Hacienda would not be in the loop for an incoming money transfer....they're only concerned with taxable transactions....bringing your own money in is not taxable....but they'll move really close to the front of the line as/when you begin to spend it. :wink:


----------



## DNP (May 3, 2011)

anoutlaw said:


> ... By the way DNP 2,4-Dinitrophenol is a deadly diet drug.


What's that supposed to mean? Some kind of threat?

WashDC/SMA


----------



## Guest (Sep 24, 2011)

I think it's time for you to have a cocktail and chill out, DNP.


----------



## DNP (May 3, 2011)

GringoCArlos said:


> I think it's time for you to have a cocktail and chill out, DNP.


Probably. Cheers!

WashDC/SMA


----------



## anoutlaw (May 13, 2009)

DNP said:


> Probably. Cheers!
> 
> WashDC/SMA


I was just tryig to show that usernames are usernames and nothing more 

Cheers,
:tea:


----------



## FHBOY (Jun 15, 2010)

*Buying Land vs. Buying A House*

OK - now I'm confused. When we wish to purchase a house, and I know that the majority of homes purchased in Mexico are for cash, not financed, how do y'all suggest we go about it [getting payment to the seller]? 

Is buying a house different than purchasing land?


----------



## La Paz (May 16, 2011)

FHBOY said:


> OK - now I'm confused. When we wish to purchase a house, and I know that the majority of homes purchased in Mexico are for cash, not financed, how do y'all suggest we go about it [getting payment to the seller]?
> 
> Is buying a house different than purchasing land?


Easiest question first....no, the exact same process applies for both casa or unimproved land purchases.

The terms & conditions that buyer & seller agree to can be unique & varied....but I've made 3 land purchases & all of the sellers wanted cash in full, handed over at closing. As a buyer, I'd never expect a seller to carry any of the balance. As a seller, I carried the balance plus interest once....would NEVER do it again! 

The majority of people I know have the funds wired into their own local account, which leaves the funds & disbursal amount & timing totally in the buyers hands. In my personal experience, doing business with Mexicans is totally different than doing business with fellow gringos; just as the typical sales/purchase process is different here than where most of us originated. First-time buyers in Mexico are very leery of the fact that Mexico doesn't deal in escrow accounts & typically, the seller will expect as much as 50% down....50% down going directly into the seller's hands versus 5-10% earnest money going into escrow is difficult for a first-time buyer to feel comfortable with & rightly so....but it's the norm!! Please understand that all my experience in buying property (3) & selling (2) have been in Baja, and I acknowledge that local practices can vary by region & local customs. However, in my experience, whatever terms & conditions the buyer & seller agree to, the Notario will incorporate into the legal closing documents, so it'll be legally binding for both parties.

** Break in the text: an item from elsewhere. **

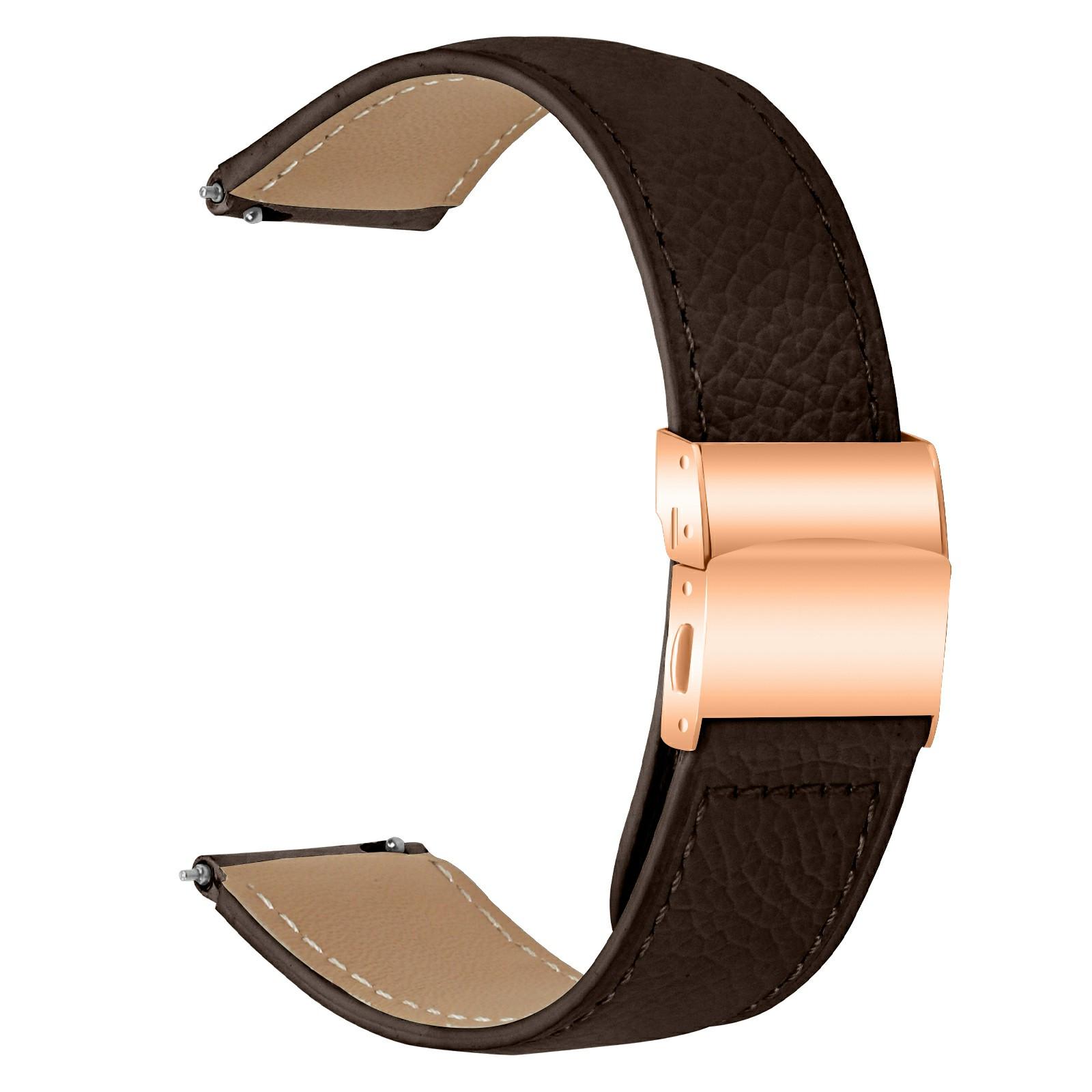 

Wrist Strap For Samsung Galaxy Watch3 41mm/Watch Active2 40mm/44mm Genuine Leather Watch Band with Rose Gold Connector Turtle Back Buckle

Interestingly enough none of the people I've bought property from were willing to deal in anything but cash (no local personal check or bank check)....and this after I'd put 50% down....cash....in their hands! I could have read that as a lack of trust on their parts....I choose to read it as standard local practice for this area.

As a buyer, I personally have never left the Notario's office at closing without having paid in full for property I've purchased from a Mexican. I have left closing with monies owed to me by ****** buyers. One buyer called his stateside bank at the moment we signed & gave authorization for the funds to be released via prearranged wire transfer directly into my account, funds were received & available to me the next business day.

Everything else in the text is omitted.